Año y medio más tarde, volvió a ver «al monstruo que me drogó para matarme» en los medios de comunicación. Le buscaban por tres muertes, las de Arliene Ramos, Lady Marcela Vargas y Marta Calvo.

«Que no hiciera esto a nadie más»

Muerta de miedo, acudió a la Guardia Civil para alertarles, pero tardó cinco días en aceptar denunciar. Quería frenar al asesino, «que no le hiciera esto a ninguna mujer más», pero temía que sus dos hijos pequeños, uno de ellos discapacitado, se enterasen de que se prostituía. Finalmente, optó por sacrificarse y denunció.

¿Las consecuencias? «Este monstruo me arruinó la vida. No puedo tener pareja, ni marido, ni novio; no puedo tener una relación con ningún hombre. Les cogí pánico. He intentado matarme para borrar esto de mi mente. Este hombre me drogó para matarme. No hay más». La mujer vuelve a romperse.

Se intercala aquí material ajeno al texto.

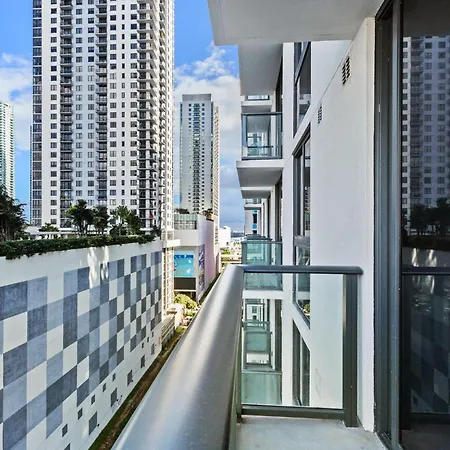 Stylish Apt With Rooftop Pool In Downtown Miami-3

En su turno, la defensa trató de confundirla. No lo consiguió. Repitió una y otra vez cada detalle. Segundo intento de la abogada: preguntó por su situación en España «por si buscaba alguna ventaja si estaba irregular». Bronca justificada de la magistrada, que, aún así, le pidió a la testigo que contestase. «¿Estaba usted regular o irregular». «Regular». Nuevo patinazo de la defensa, a la que ayer se le puso cuesta arriba el proceso con el relato sin fisuras de la testigo.